*Dataset extract*
----
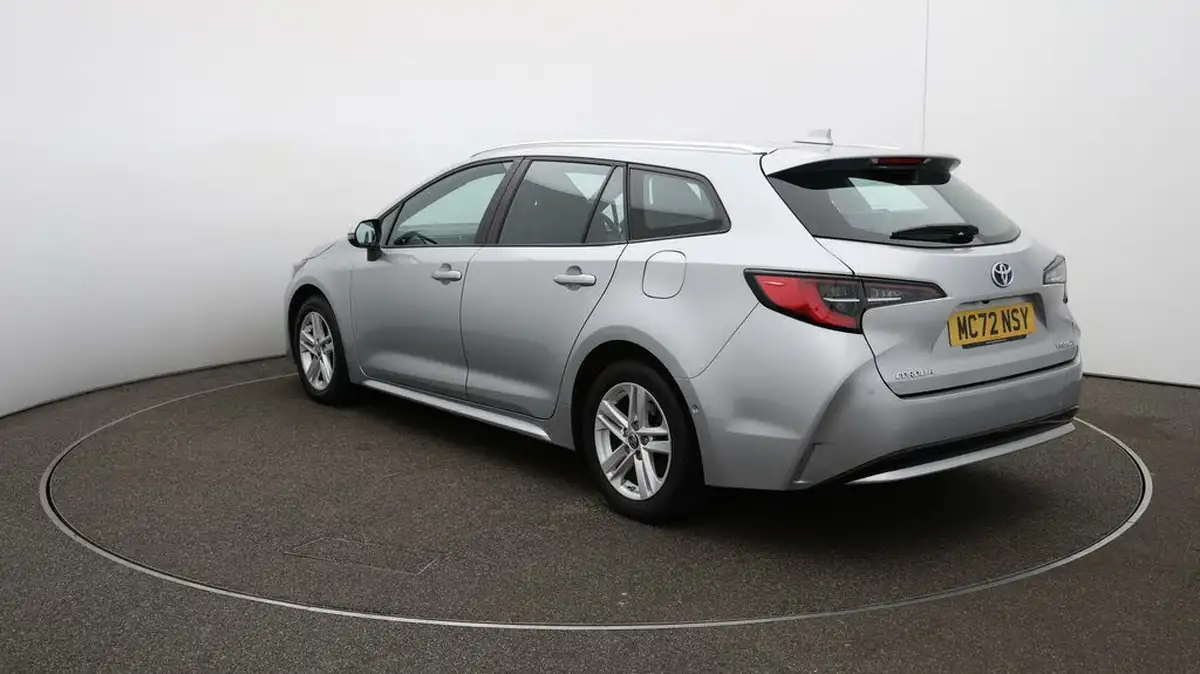 2023-toyota-corolla-18-vvt-i-icon-tech-spare-wheel-touring-sports-5d-big-55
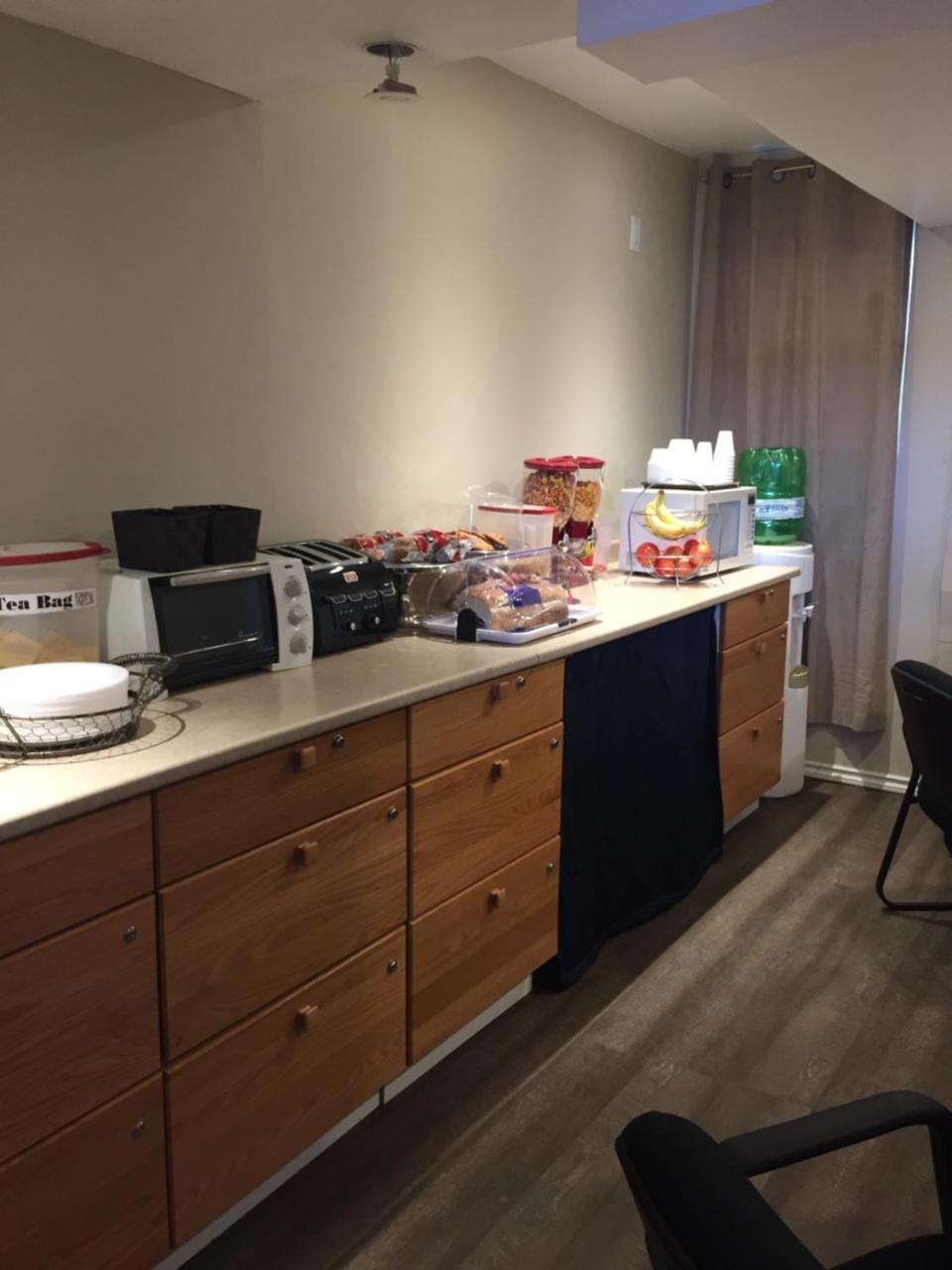 Red Deer Inn & Suites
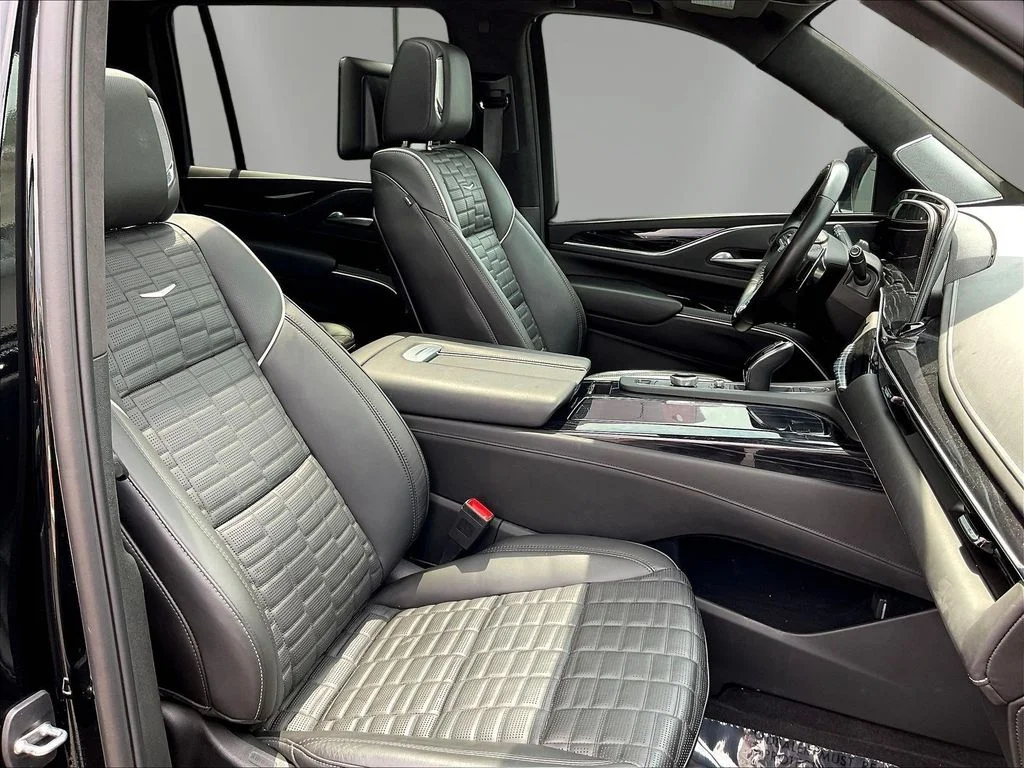 2023 Cadillac Escalade ESV V-Sport - Photo 26
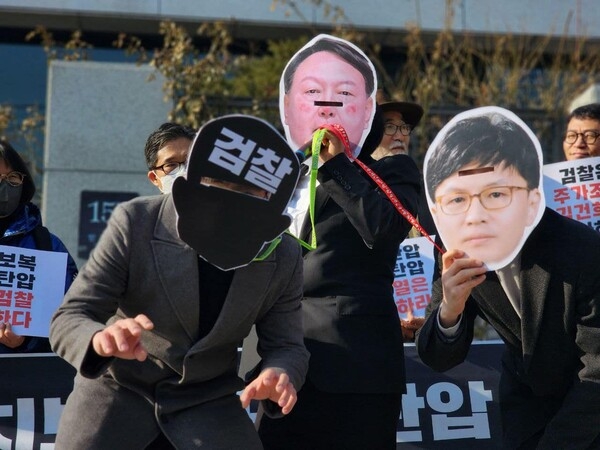 ▲ 촛불행동이 12일 대검찰청 앞에서 윤석열 공안 폭압통치를 규탄하는 기자회견을 가졌다.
----
An exact transcription of the data above is needed, without the pictures.

 2023-toyota-corolla-18-vvt-i-icon-tech-spare-wheel-touring-sports-5d-big-55
 Red Deer Inn & Suites
 2023 Cadillac Escalade ESV V-Sport - Photo 26
 ▲ 촛불행동이 12일 대검찰청 앞에서 윤석열 공안 폭압통치를 규탄하는 기자회견을 가졌다.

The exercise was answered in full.